━━━━━ SUPPLIED INFORMATION
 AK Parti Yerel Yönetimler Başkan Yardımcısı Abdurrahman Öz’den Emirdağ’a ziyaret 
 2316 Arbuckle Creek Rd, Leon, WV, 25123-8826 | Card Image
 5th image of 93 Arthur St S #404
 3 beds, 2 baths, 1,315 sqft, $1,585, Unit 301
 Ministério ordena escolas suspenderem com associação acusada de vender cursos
━━━━━━━━━━
━━━━━ SUPPLIED INFORMATION
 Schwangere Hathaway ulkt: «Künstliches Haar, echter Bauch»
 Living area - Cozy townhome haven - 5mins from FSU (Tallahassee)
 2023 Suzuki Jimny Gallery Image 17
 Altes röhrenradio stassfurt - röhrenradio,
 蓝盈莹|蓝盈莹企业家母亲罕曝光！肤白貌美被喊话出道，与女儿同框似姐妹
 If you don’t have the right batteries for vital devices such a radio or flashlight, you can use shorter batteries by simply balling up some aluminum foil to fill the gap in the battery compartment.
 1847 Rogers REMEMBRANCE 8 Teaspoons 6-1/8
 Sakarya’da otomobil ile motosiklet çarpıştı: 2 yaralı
━━━━━━━━━━
Reproduce the lines above, beginning at the line with "蓝盈莹|蓝盈莹企业家母亲罕曝光！肤白貌美被喊话出道，与女儿同框似姐妹" and stopping after the line with "Sakarya’da otomobil ile", exactly as they are.

 蓝盈莹|蓝盈莹企业家母亲罕曝光！肤白貌美被喊话出道，与女儿同框似姐妹
 If you don’t have the right batteries for vital devices such a radio or flashlight, you can use shorter batteries by simply balling up some aluminum foil to fill the gap in the battery compartment.
 1847 Rogers REMEMBRANCE 8 Teaspoons 6-1/8
 Sakarya’da otomobil ile motosiklet çarpıştı: 2 yaralı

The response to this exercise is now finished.